Just sprayed some post second cutting today with a pt and a half quin-4 and a quart 24d. I sprayed the same area last year after first cutting and spot sprayed Sledgehammer for nut sedge. While I had plenty of crabgrass this year, I found 3 or 4 foxtail seedheads and no sedge in 6 ac cut baled then treated. I plan to proactively spray quin next year right after first cutting. I think it definitely substantially reduced the foxtail and the sledgehammer got the nutsedge. The combo is as good or better than grazon on horse nettle. not a plant in the field last fall and only a few at second cutting. Won't be any next week.


----------



## Missouri hay hauler (Jan 7, 2017)

Thanks Hayman on the Quinstar recommendation.
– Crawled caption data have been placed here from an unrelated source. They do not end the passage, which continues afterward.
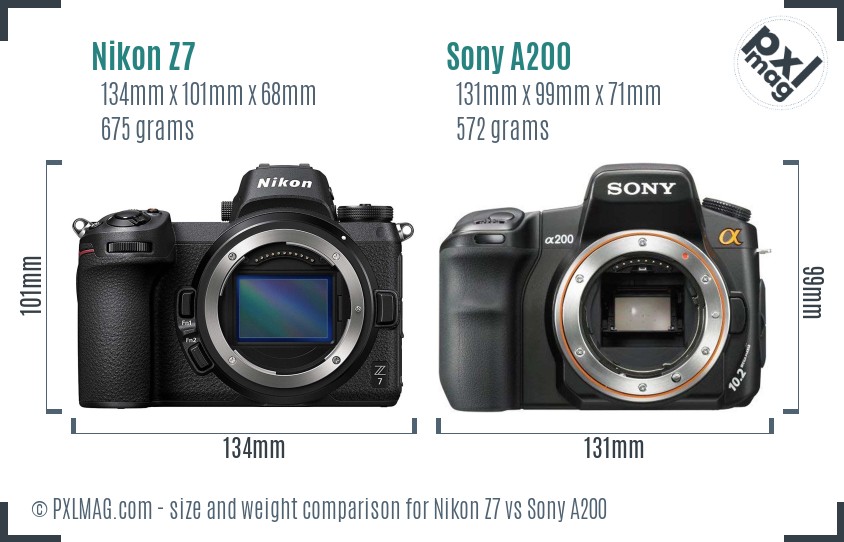 Nikon Z7 vs Sony A200 size comparison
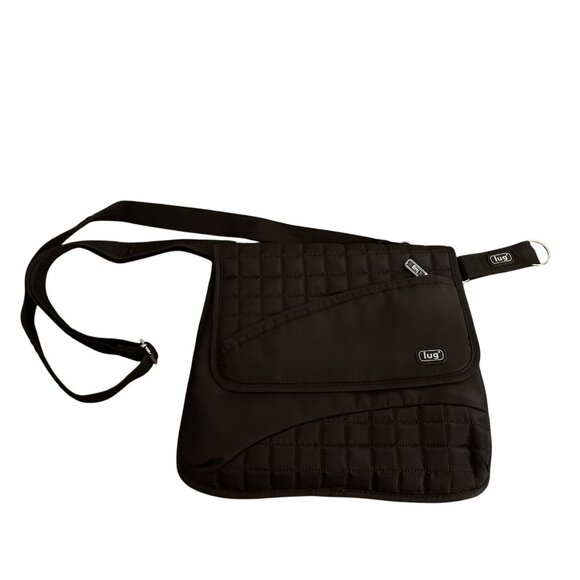 LUG Brown Quilted Travel Casual Adjustable Somersault Crossbody Bag Purse - Picture 1 of 10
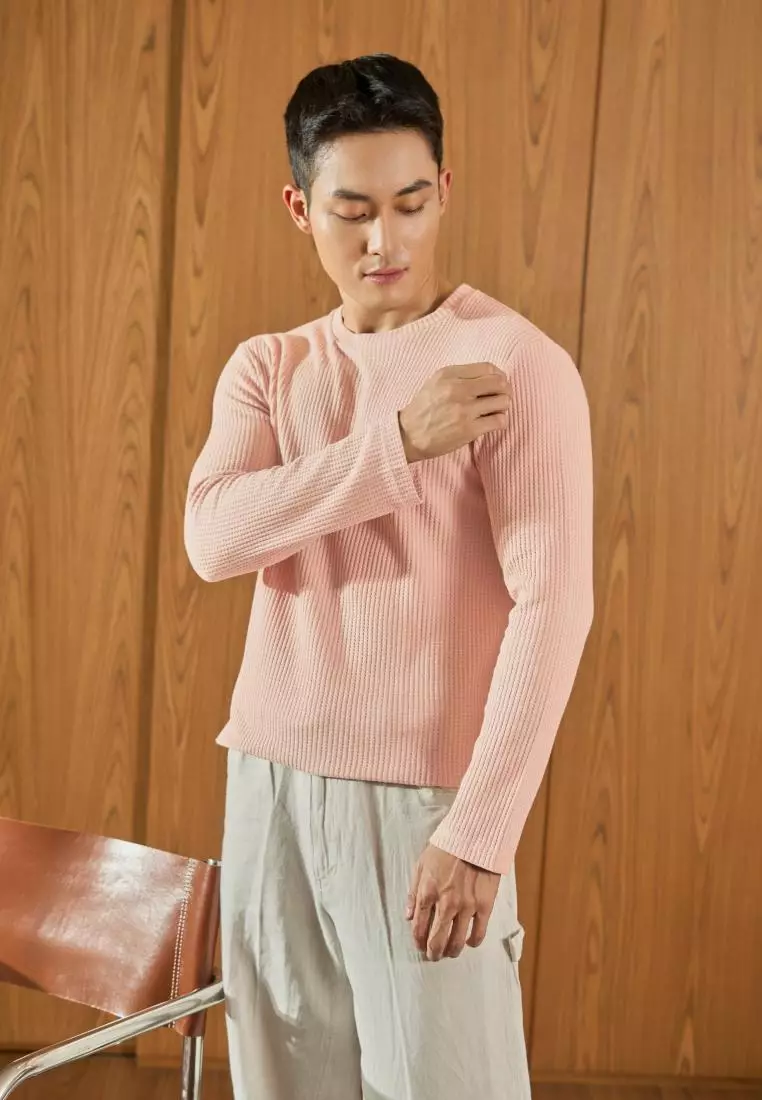 Kale Raffle Peach / Kaos Polos Tekstur Lengan Panjang Pria / Unisex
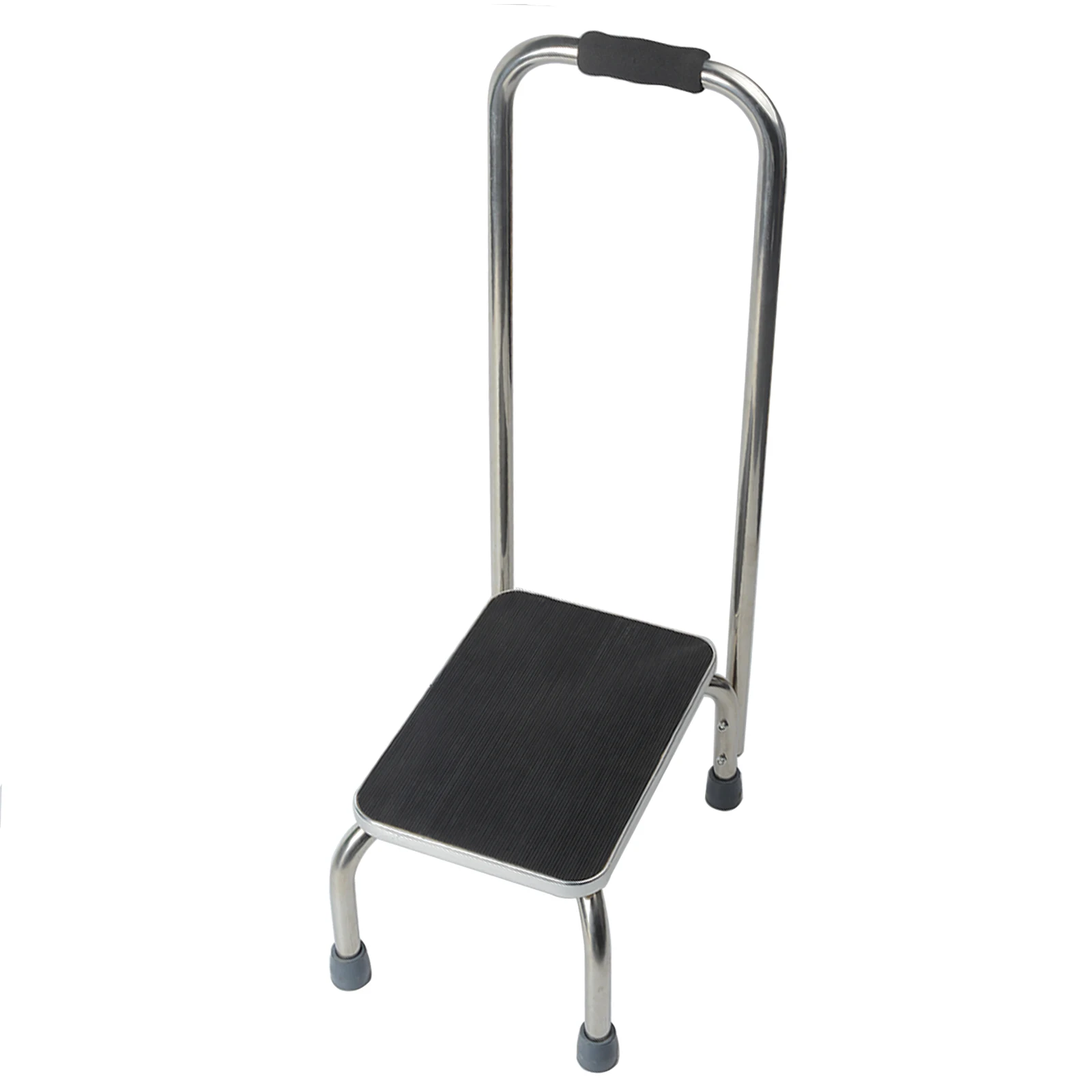 Hospital Medical Chrome Plated Shower Foot Step Stool with Anti-Skid Rubber Platform and handrail for bathroom toilet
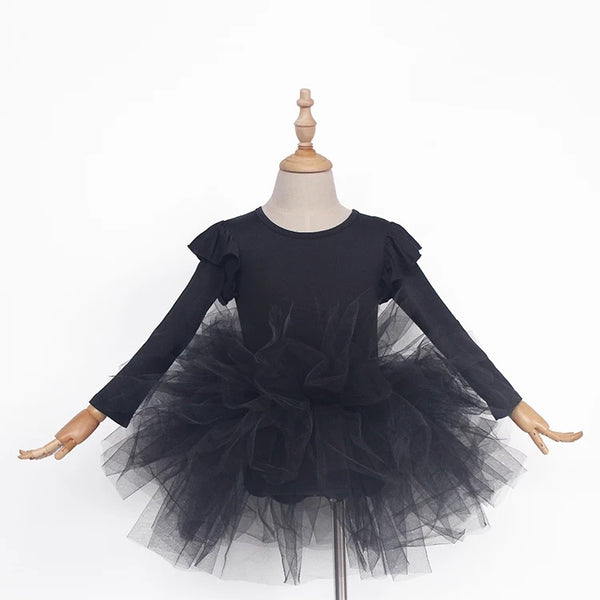 VESTIDO DE TUTÚ DE MANGA LARGA DOLLY by Le Petit Tom ® TIMELESS negro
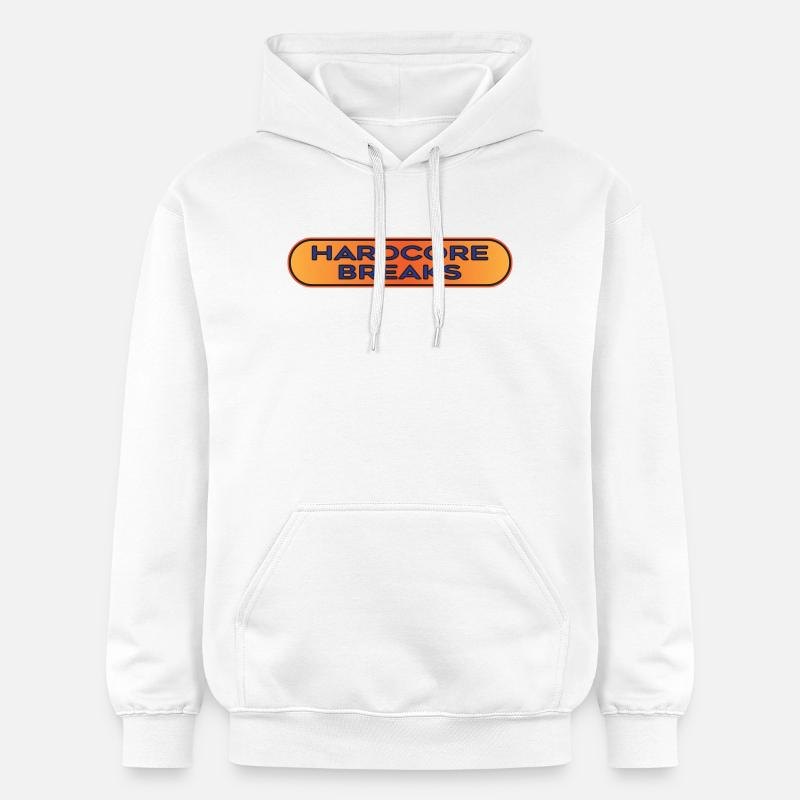 Hardcore Breaks Breakbeat - Sweat à capuche Softstyle® Gildan Unisexe - blanc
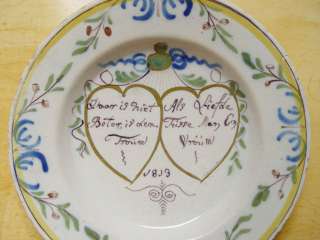 Superb Rare Dutch Delft Wedding Plate 1813 Polychrome  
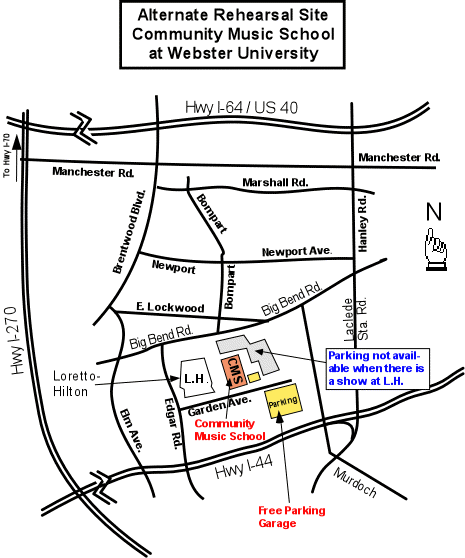 map to alternative rehearsal site at Community Music School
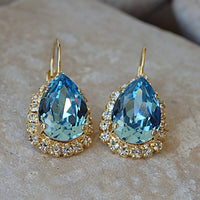 Aquamarine Earrings, Aquamarine Drop Earrings, Gold Dangle Earrings, Light Blue Drop Earrings, Bridesmaids Earrings, Gift for her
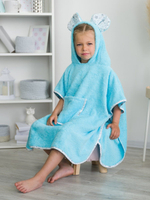Пончо "ЛАСКОВЫЙ МЫШОНОК" голубое
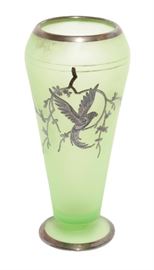 406. Green Art Glass Vase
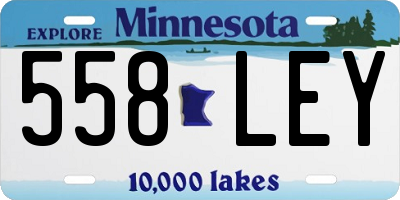 MN license plate 558LEY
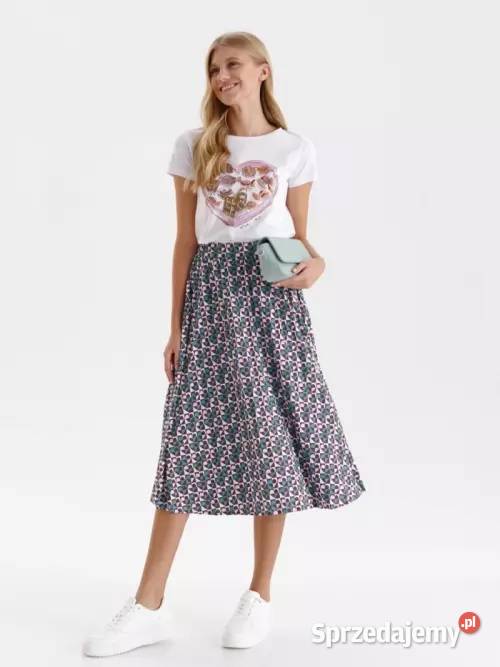 biały tshirt z nadrukiem Top Secret Bluzki i koszule Olkusz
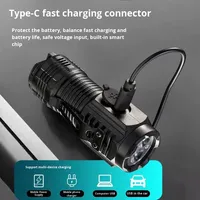 Mini lampe torche à lumière forte à trois yeux, longue durée de vie de la batterie, multifonction, aimant, rechargeable, anti-explosion
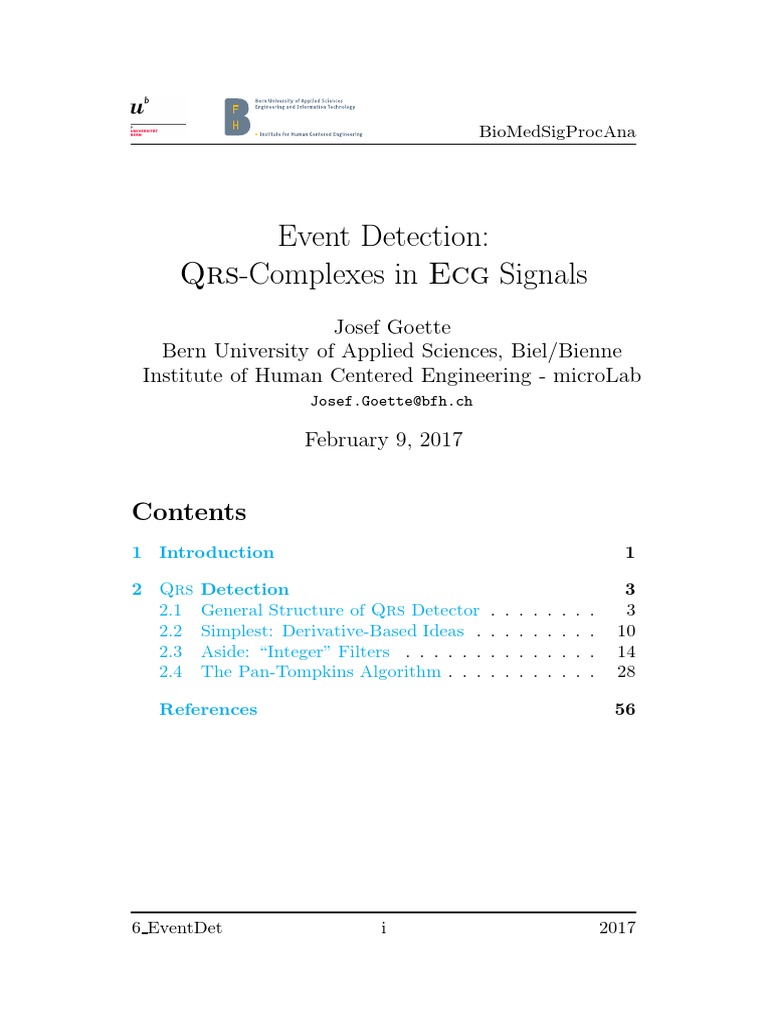 QRS Complex Detection in ECG Signals | PDF | Electrocardiography ...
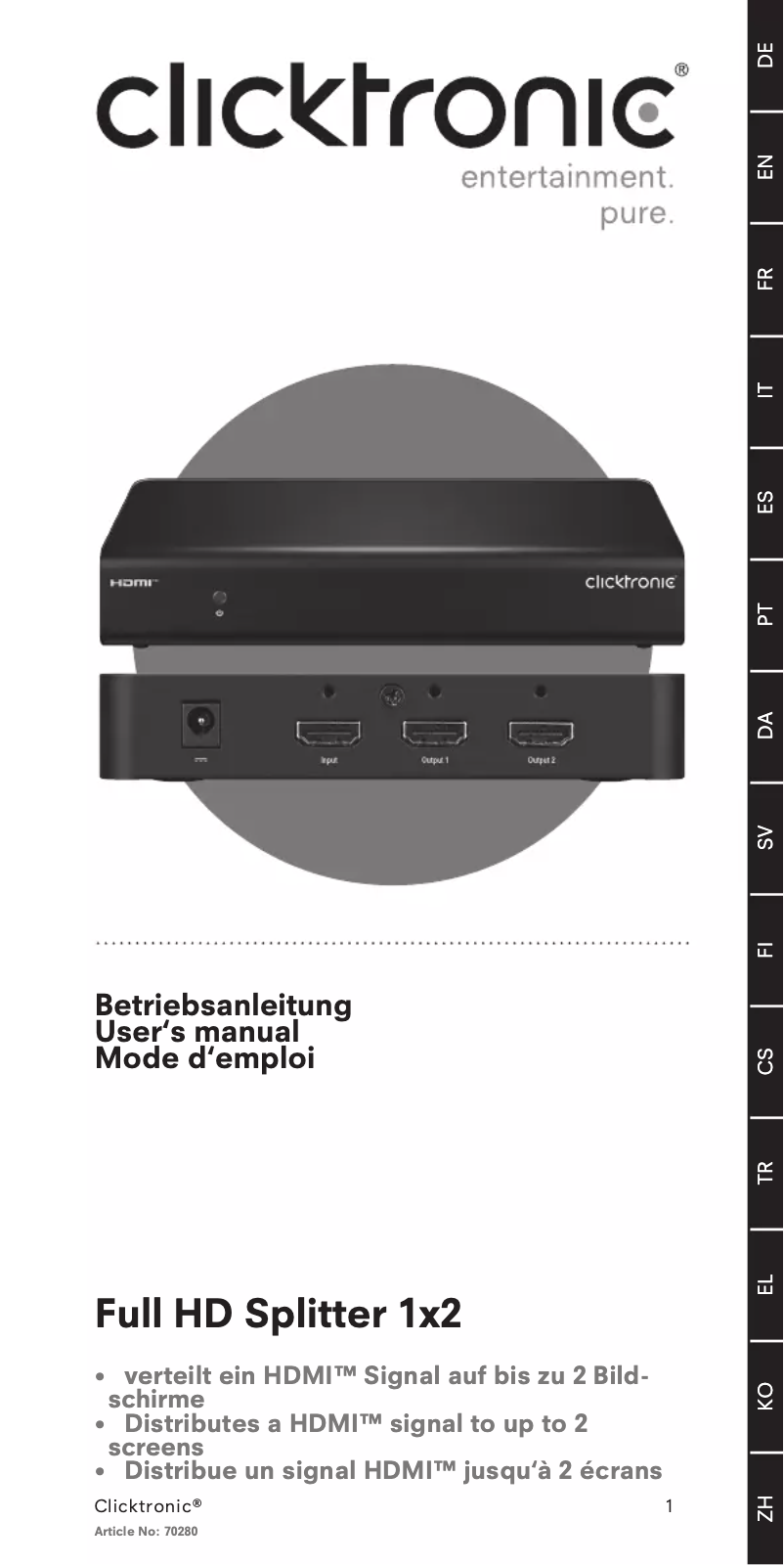 Page n°1 - Manuel utilisateur ClickTronic 60804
I had a lot of foxtail this year in second cutting so I'm gonna try this. How soon after 1st cutting should you apply quinstar?


----------



## weedman (Jul 12, 2019)

Thankfully, I don't believe you more northern folks have to deal with knotroot foxtail. It has about replaced our annual foxtails. Hard to control perennial.


----------



## paoutdoorsman (Apr 23, 2016)

I just sprayed an experimental piece with Quinstar last week. Won't know for 9-10 months how successful it was at wiping out the foxtail. I have another section I plan to hit 10-12 days after first cut in the spring to compare and see which worked better.


----------



## Hayman1 (Jul 6, 2013)

I am no expert, but I think it's a bit late for quinstar to be effective


----------



## paoutdoorsman (Apr 23, 2016)

Hayman1 said:


> I am no expert, but I think it's a bit late for quinstar to be effective


You could be right. I made the decision to try it based on the application recommendation on the label that read "after hay removal, but before the first killing frost". It also needs water within 7 days to be effective, and the timing was right for the rain we got today. Time will tell.


----------



## Hayman1 (Jul 6, 2013)

paoutdoorsman said:


> You could be right. I made the decision to try it based on the application recommendation on the label that read "after hay removal, but before the first killing frost". It also needs water within 7 days to be effective, and the timing was right for the rain we got today. Time will tell.


My point was frost is going to get this year's foxtail pretty soon for you. It may have some residual next year but the best bet is a week or two after first cutting


----------



## paoutdoorsman (Apr 23, 2016)

I'm not convinced that the foxtail truly acts as an annual here. That's why I'm trying a different strategy on two different fields to compare the results.


----------



## Hayman1 (Jul 6, 2013)

paoutdoorsman said:


> I'm not convinced that the foxtail truly acts as an annual here. That's why I'm trying a different strategy on two different fields to compare the results.


Gotcha. Certainly applies to horsenettle. Keeps on keepin on if you don't kill it. Spreads by seeds as well. But given when foxtail starts to appear, it seems like it is an annual. It certainly increases dramatically it you let it go to seed.


----------